In addition to funding transportation, the bill "also extends a 3.4 percent interest rate on student loans for one year and a flood insurance program for five."
"Supporters of the transportation portion of the bill touted it as a bipartisan compromise....Republican lawmakers also applauded the signing of the transportation bill."
"The bill becoming law today is the result of strong bipartisan and bicameral work by a number of my House and Senate colleagues," House Transportation and Infrastructure Committee Chairman John Mica (R-Fla.) said in a statement released after he attended Obama's signing of the transportation bill."
Reaction of transportation advocates was measured.
AAA President Robert Darbelnet warned that "the public (will have) to pay more for the roads and bridges that they use."
Deron Lovaas, Natural Resources Defense Council federal transportation policy director, regretted that the bill "reduces public oversight of highway projects and cuts funding for transportation choices that would have reduced traffic while lessening our dependence on oil."

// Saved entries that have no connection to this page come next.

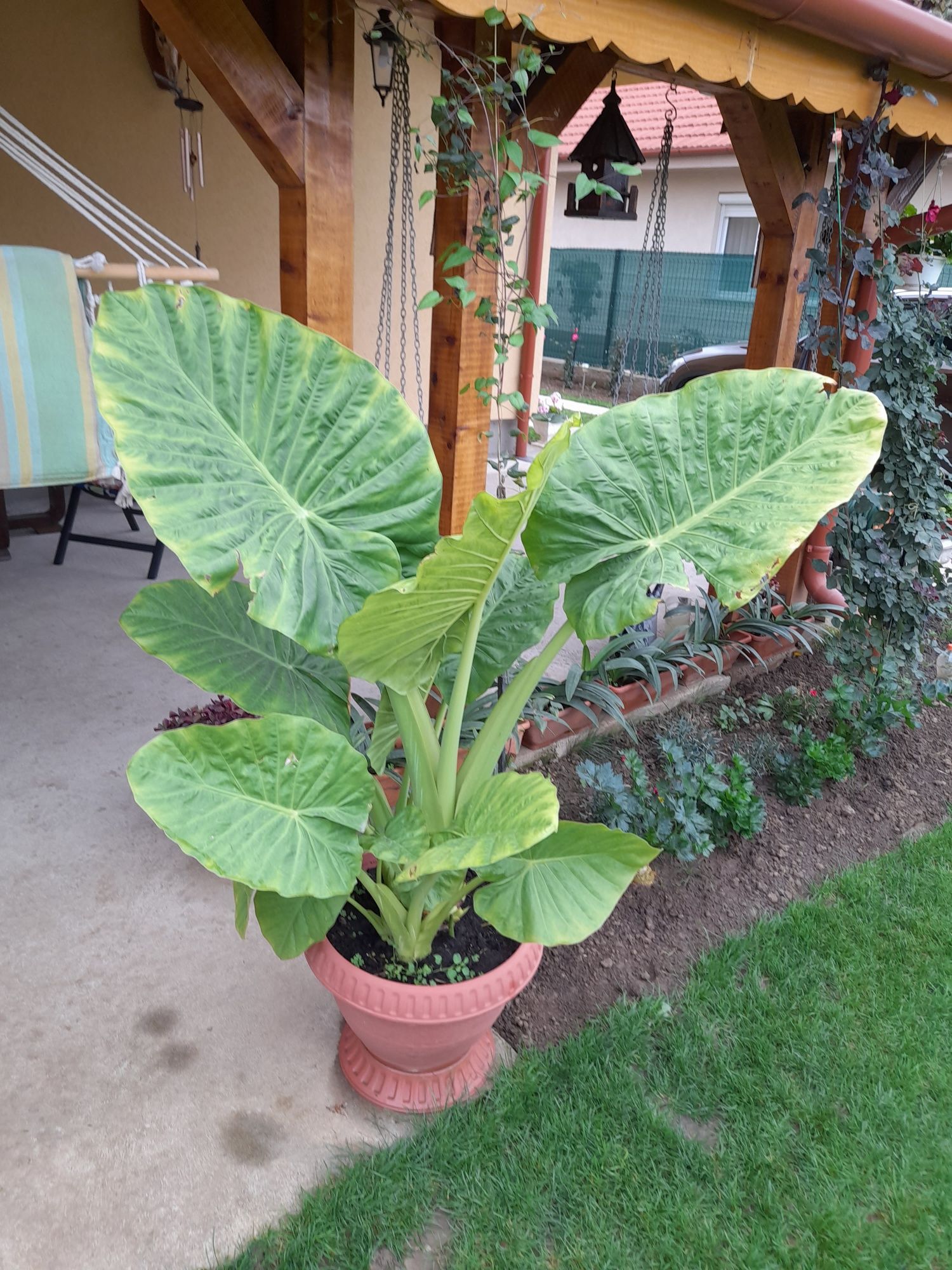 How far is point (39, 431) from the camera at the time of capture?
220 centimetres

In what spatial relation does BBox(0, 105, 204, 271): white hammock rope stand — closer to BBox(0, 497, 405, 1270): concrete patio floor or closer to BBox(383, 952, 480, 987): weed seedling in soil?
BBox(0, 497, 405, 1270): concrete patio floor

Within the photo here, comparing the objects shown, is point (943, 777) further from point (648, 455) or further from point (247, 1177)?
point (247, 1177)

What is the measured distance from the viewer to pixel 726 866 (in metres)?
2.51

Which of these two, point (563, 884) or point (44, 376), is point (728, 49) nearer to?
point (44, 376)

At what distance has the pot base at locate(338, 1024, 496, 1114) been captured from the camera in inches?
67.4

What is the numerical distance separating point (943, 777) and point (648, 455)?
216 cm

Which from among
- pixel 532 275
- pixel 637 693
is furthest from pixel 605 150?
pixel 532 275

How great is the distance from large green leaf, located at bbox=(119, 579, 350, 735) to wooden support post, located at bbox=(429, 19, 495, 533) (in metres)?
0.63

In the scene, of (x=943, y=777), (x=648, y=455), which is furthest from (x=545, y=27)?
(x=943, y=777)

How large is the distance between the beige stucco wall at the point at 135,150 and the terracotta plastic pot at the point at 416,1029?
4268 millimetres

Meanwhile, the APA's Policy News blog has published the latest in a series of closer looks at the changes and new provisions of MAP-21. Friday's feature explored changes to Metropolitan Planning Organizations and performance measures. Of note: "The biggest change in the planning process is the creation of a new performance measures as part of the planning process [for Transportation Improvement Programs and long-range plans]. The law establishes performance measures within highway and transit programs and directs states and MPOs to establish targets and track progress."